In working and talking with senior leaders over the decades, I’ve learned that most senior executives say their companies are consumer centric. On the surface, there is evidence to support this thought. After all, most of these executives’ companies make products that are influenced by consumer insights and sell them to consumers, many of which seem loyal.
But upon further digging, what looks like consumer centricity is actually product centricity. And it makes sense: Many senior executives come from sales or financial backgrounds where the focus is on selling products and their job as senior executives is to deliver sales and profit. But in this pursuit of sales targets, overlaps, and answering quarterly to investors, many senior executives are too focused on growing the business so they neglect growing the brand or corporate consumer empathy. Again, it makes sense because the former shows more immediate results on which senior executives are judged, while the latter takes time to build and maintain. But there is no brand with enviable consumer loyalty, price inelasticity, and subsequent sales/profit that doesn’t have the culture of building consumer-centricity, empathy, and building the brand.

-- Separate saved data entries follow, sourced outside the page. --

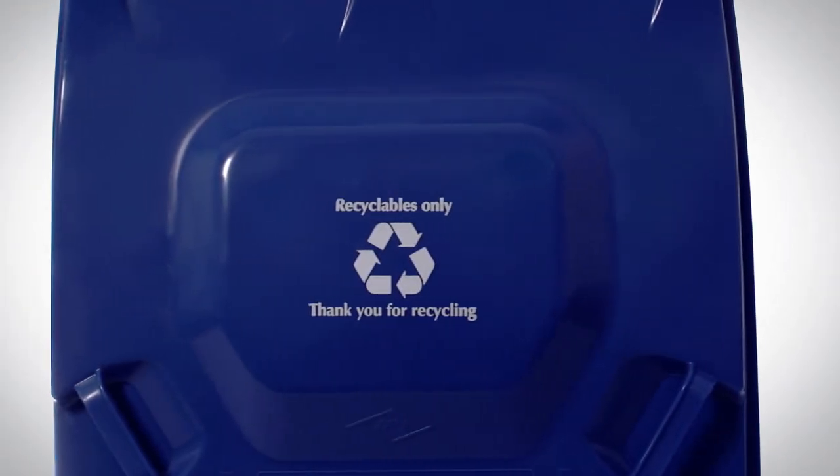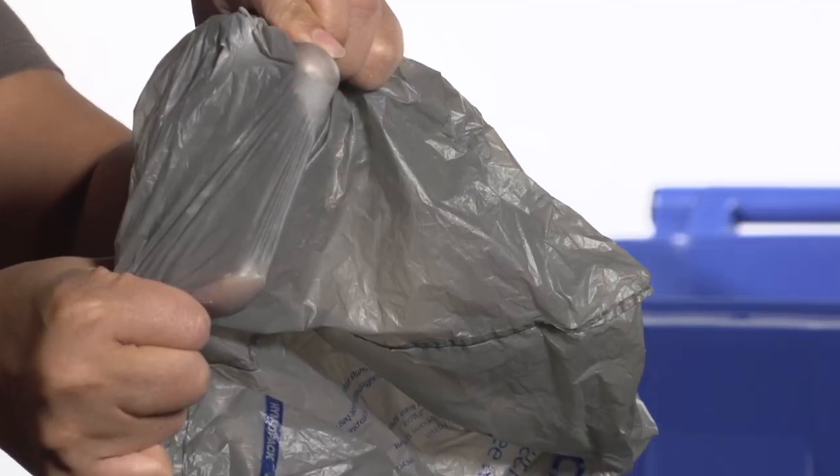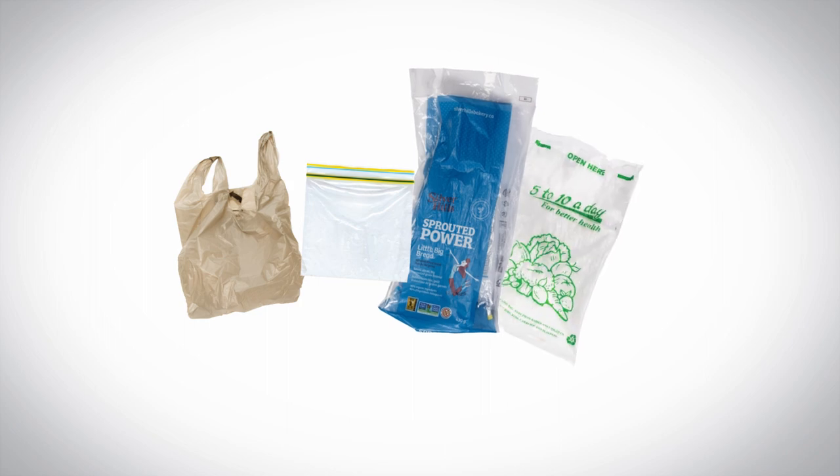Hey Calgary, let's recycle right! Prepare your plastic bags the right way. If it's stretchy, it can be recycled. That includes grocery bags, Ziploc bags, bread bags, and more.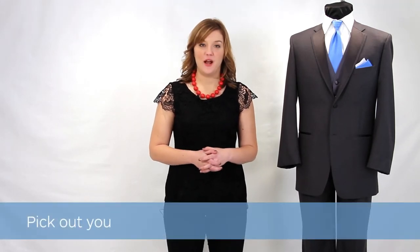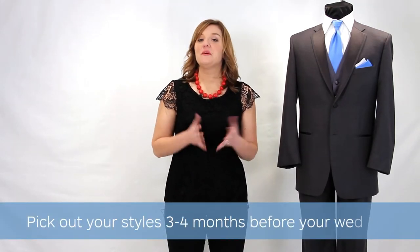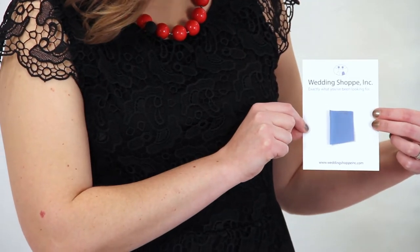We usually recommend you pick out your tuxedo or suit styles three to four months prior to your wedding. When you come in for your appointment, you'll want to bring in any colors you'd like to match, like swatches of your bridesmaid dresses, plus any inspiration photos you might have.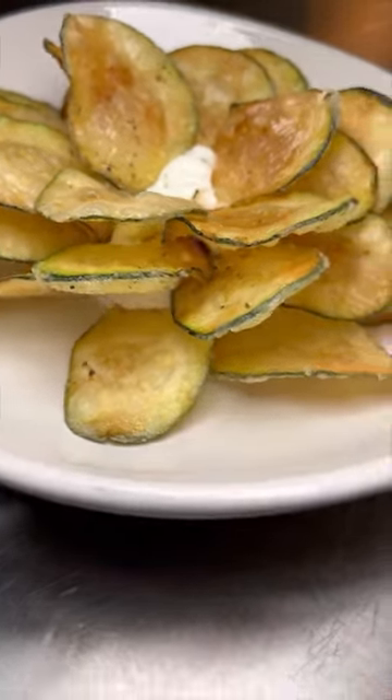This is a $16 fried zucchini from Elia in Las Vegas. This authentic Greek restaurant starts with fresh sliced zucchini.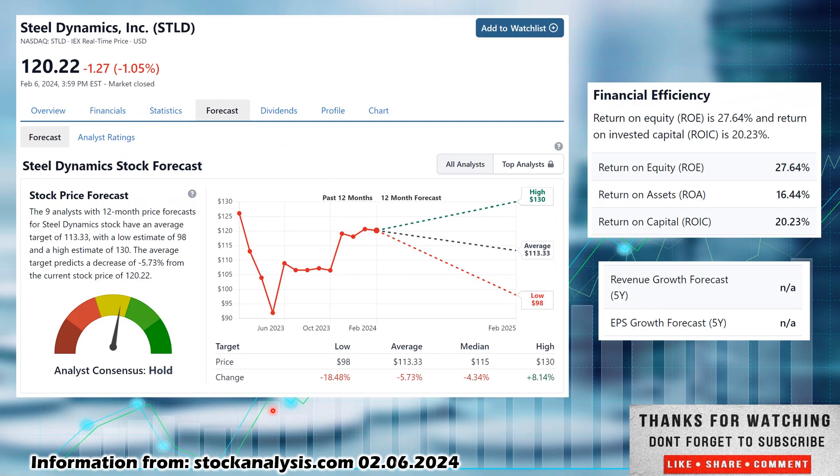Another source that I like is StockAnalysis.com. Again, just make sure you're not blindly following one source — information could be outdated or inaccurate. Nine analysts have taken a look at this one; they call it a consensus hold. I would agree with them. I would like something more closer to their low estimate of $98, which would be an 18.48% decrease from where it currently sits. I would like this around $105 or lower, and $98 would definitely be a good entry point for me. The average estimate is $113.33 — even this is lower than where it currently sits, a 5.73% decrease. The only way it looks like you'd make any money is if it happened to hit their high of $130, which would be an 8.14% increase from where it currently sits. All the while, you could collect that 1.6% to 1.7% dividend yield where it currently sits.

While the ultimate goal is to have a culture of consumer empathy, any company must start with being consumer centric before it can develop corporate empathy for the consumer. This is something that must start from the top down, not the bottom up. It’s hard to build a culture of any kind from the bottom up if it’s not championed by senior leadership. It’s perfectly okay if you don’t know everything about your consumer, only that you set the expectation that your companies and departments be consumer centric.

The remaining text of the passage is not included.